Figure 3. The ten highest-producing Chinese steel enterprises as of 2019. Source: Statista.

As of 2019, seven of the ten largest Chinese steel companies were state-owned enterprises; of these, two—China Baowu Steel Group and Ansteel Group—are centrally owned/national enterprises. Baowu Steel is the country’s top steel producer, with over twice the output of crude steel as the next highest producer. The Chinese government also owns substantial stakes in many of the top private steel producers, making them subject to considerable influence.Footnote44

Through the establishment of Baosteel on the second day of Deng Xiaoping’s reform, the Chinese state positioned itself as a primary beneficiary of any project that requires steel inputs. Despite the innumerable national projects that have required steel over the decades, by the 2010s Chinese steel production surpassed national demand, with a seventy-five percent utilization rate in 2012.Footnote45 This overproduction, which was due in part to generous state subsidies to steel SOEs, particularly during the 2007-2008 global economic crisis, reduced the profitability of the industry and threatened Chinese banks with loan losses.Footnote46 Rather than letting supply fall with demand as in a typical market economy, the Chinese government sought to increase external demand for steel. The BRI was one of the most important measures for increasing external demand for Chinese steel exports and therefore national economic stability.Footnote47

Since infrastructure projects require steel, the BRI contributes directly to China’s steel industry.Footnote48 Chinese materials are commonly used in all BRI infrastructure projects, stimulating a demand for China’s steel.Footnote49 Indeed, Ni et al. predicted that the Belt and Road Initiative would solve China’s steel overcapacity issue by 2020, with only an estimated thirty-two to fifty-eight million metric tons of excess steel by the end of 2020, rather than the 200 million metric tons in 2012.Footnote50 While the Coronavirus pandemic may have affected this prediction, the BRI has increased demand for steel.

As illustrates, all but one of the country’s top steel companies are wholly or partially owned by some part of the state, and all but one are based in the more prosperous eastern part of the country.Footnote51 Xinjiang has three state-owned steel enterprises, one of which (Xinjiang Bayi Iron and Steel) is a subsidiary of Baowu Steel and thus centrally owned. Xinjiang Bayi Iron and Steel was the first iron and steel plant established in Xinjiang in 1951. After General Wang Zhen announced in 1949 that Xinjiang must have its own steel plant in order for the government to build railways and encourage economic development, Shanghai’s Yihua Steelmaking Plant was moved to Xinjiang (along with its managers and skilled workers). The Ministry of Heavy Industry allocated a blast furnace, and the renamed Bayi Iron and Steel factory was officially established in 1951.Footnote52

In addition, the central government established the Xinjiang Production and Construction Corps (Xīnjiāng shēngchǎn jiànshè, XJCC) in 1954. This organization led Xinjiang’s modernization in the following decades, including establishing large-scale industrial and mining enterprises.Footnote53 In the 1980s it was tasked by the government with combating the “Three Evil Forces” (sāngŭ shìlì) of separatism, religious extremism, and violent terrorism, along with border security and the “integration of troops and land.”Footnote54 The XJCC also ensures a permanent population of Han Chinese in Xinjiang, representing twelve percent of the population as of 2018.Footnote55

In 2007, Baowu Steel brought Bayi Iron and Steel under its banner as a subsidiary after acquiring a majority stake. In 2019, company officials announced that it would be Baowu’s industrial platform in the west, with the intention to integrate Xinjiang’s steel production capacity and take advantage of the BRI’s development opportunities.Footnote56 While Baowu’s work to integrate Xinjaing’s steel industry to create a more efficient and competitive industry chain may produce positive results for the region, it also has considerable benefits for the large centrally owned enterprise. The two other steel firms in Xinjiang are Shougang Yili Steel and Sinosteel Xinjiang. Sinosteel Xinjiang is a subsidiary of China Sinosteel Group, which Baowu Steel also owns as of 2022.

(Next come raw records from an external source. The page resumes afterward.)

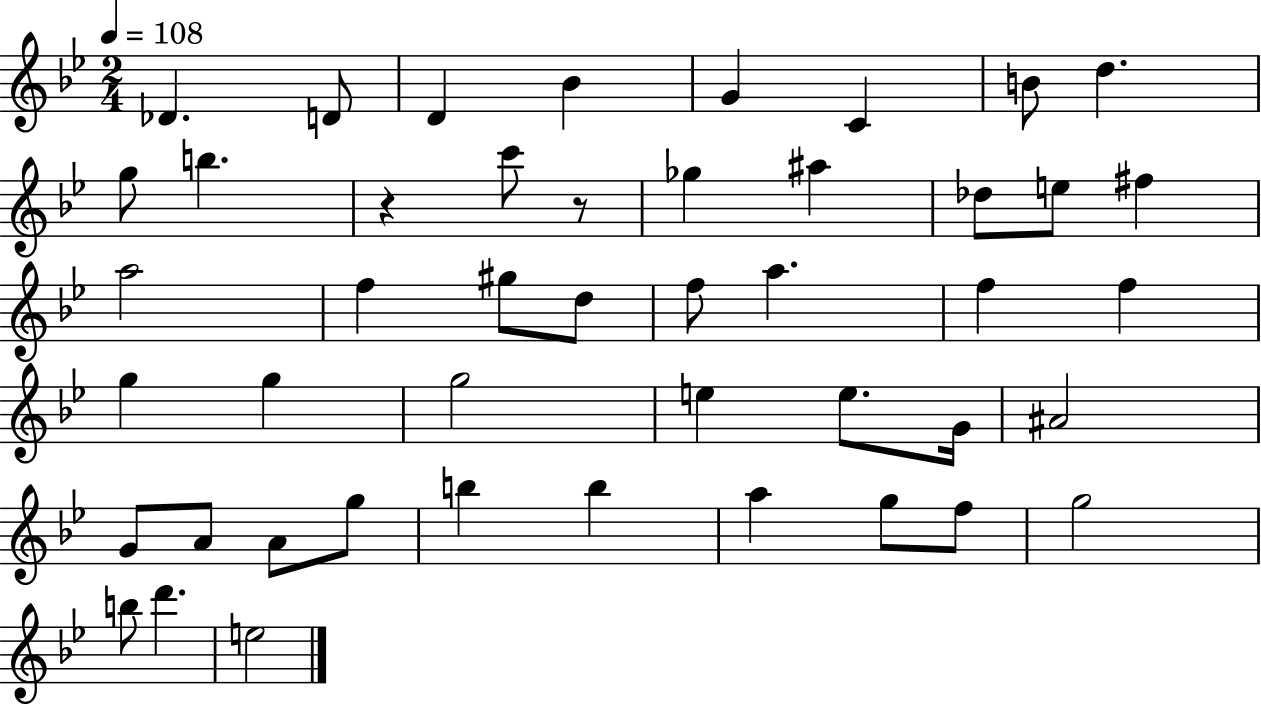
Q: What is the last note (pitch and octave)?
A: E5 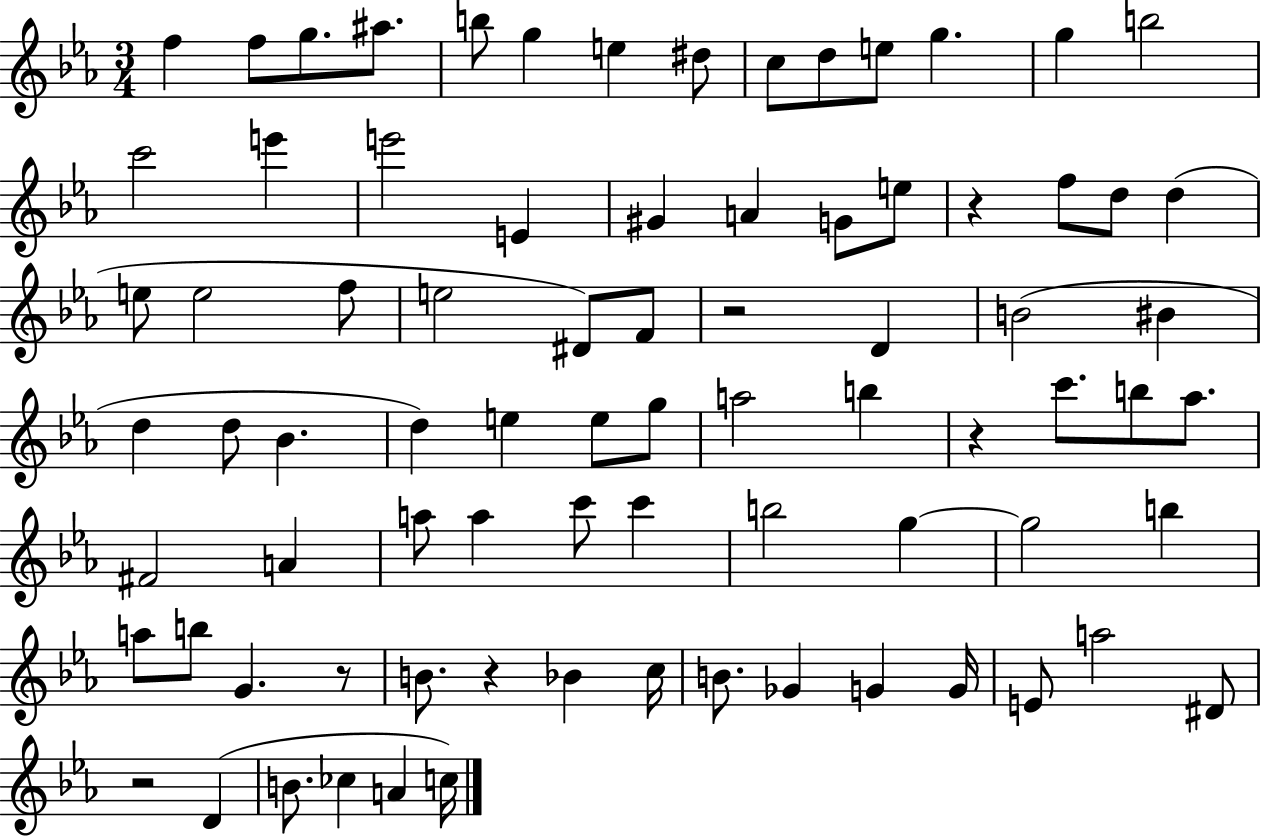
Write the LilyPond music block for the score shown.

{
  \clef treble
  \numericTimeSignature
  \time 3/4
  \key ees \major
  \repeat volta 2 { f''4 f''8 g''8. ais''8. | b''8 g''4 e''4 dis''8 | c''8 d''8 e''8 g''4. | g''4 b''2 | \break c'''2 e'''4 | e'''2 e'4 | gis'4 a'4 g'8 e''8 | r4 f''8 d''8 d''4( | \break e''8 e''2 f''8 | e''2 dis'8) f'8 | r2 d'4 | b'2( bis'4 | \break d''4 d''8 bes'4. | d''4) e''4 e''8 g''8 | a''2 b''4 | r4 c'''8. b''8 aes''8. | \break fis'2 a'4 | a''8 a''4 c'''8 c'''4 | b''2 g''4~~ | g''2 b''4 | \break a''8 b''8 g'4. r8 | b'8. r4 bes'4 c''16 | b'8. ges'4 g'4 g'16 | e'8 a''2 dis'8 | \break r2 d'4( | b'8. ces''4 a'4 c''16) | } \bar "|."
} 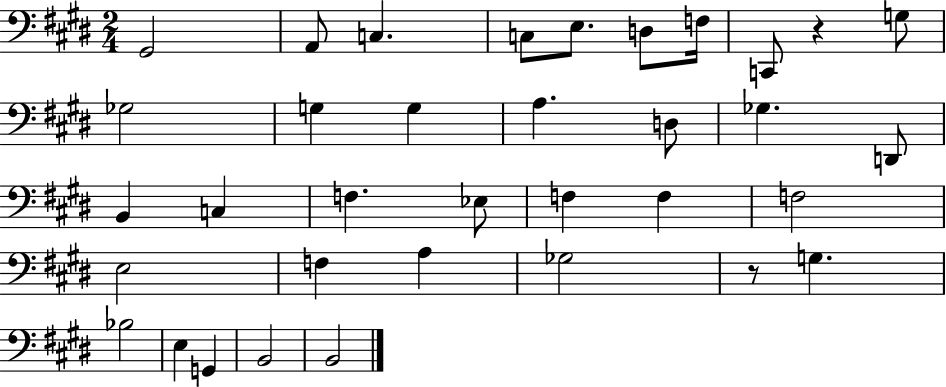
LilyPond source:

{
  \clef bass
  \numericTimeSignature
  \time 2/4
  \key e \major
  gis,2 | a,8 c4. | c8 e8. d8 f16 | c,8 r4 g8 | \break ges2 | g4 g4 | a4. d8 | ges4. d,8 | \break b,4 c4 | f4. ees8 | f4 f4 | f2 | \break e2 | f4 a4 | ges2 | r8 g4. | \break bes2 | e4 g,4 | b,2 | b,2 | \break \bar "|."
}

Most of the steel used in Xinjiang is produced in the east. Between the inception of the BRI in 2013 and 2019, there was no push for western steel producers (). Only two of China’s fifteen top steel producers, Baotou Steel and Liuzhou Steel, are located in the west. Founded in 1954 and 1958, respectively, they were established long before BRI.

Figure 4. China’s three economic zones and the home province of China’s top ten steel enterprises.

Figure 4. China’s three economic zones and the home province of China’s top ten steel enterprises.

The relative geographical competitiveness of enterprises is not the sole deciding factor when the state regulates the steel industry, particularly as the BRI has allowed local governments in central China to save loss-making SOEs with a boost in domestic financing for local infrastructure projects.Footnote57 This has been specifically true of local steelmakers, who claim the BRI has provided a “precious opportunity” to stay afloat.Footnote58

Another dimension to consider is the factional character of Chinese politics.Footnote59 Intra-provincial factions band together to compete with other groups for local power and resources, with these factions often based on native place association.Footnote60 Factions pursue policies that will provide material benefits to themselves while plausibly serving the public interest.Footnote61 The goals of these factions depend on their relative strength, with local leaders belonging to strong factions less likely to pursue policies beneficial to local development as individuals higher in the political hierarchy decide their political survival, rather than their constituents.Footnote62

While the BRI is intended to support SOEs, the interests of Xinjiang local leaders’ factions determine whether specific policies actually aid local development. However, it is notable that, of the thirteen current members of the Standing Committee of the Xinjiang Uyghur Autonomous Region, nine are ethnic Han; and their leader (who is also the First Secretary and First Political Commissar of the Party Committee of the Xinjiang Production and Construction Corps), Ma Xingrui, is a Shandong native.Footnote63 The previous leader (from 2016 to 2021), Chen Quanguo, is from Henan, and ten of the fifteen members of the committee he led were Han.Footnote64 It may be that local development in Xinjiang has not been the political priority of Xinjiang’s leaders as the BRI has taken shape. In this case, it is not surprising that native enterprises have not been given priority.

Promoting steel enterprises further west and taking advantage of existing iron deposits would be an important step in ensuring western China reaps benefits from the infrastructure project-oriented BRI. Additionally, building profitable local SOEs may ease the tax burden on rural residents, as without the profits of SOEs (or taxes paid by large private corporations), local governments will raise taxes and fees on rural farmers, known as the “peasant burden,”Footnote65 which, in the case of Xinjiang, are mostly ethnic minorities. However, the lack of western-based enterprises profiting from the BRI extends beyond resource industries; for example, the majority of construction contracts for large-scale infrastructure projects in Kashgar have been won by eastern enterprises.Footnote66 The presence of eastern and centrally-owned SOEs is also ubiquitous.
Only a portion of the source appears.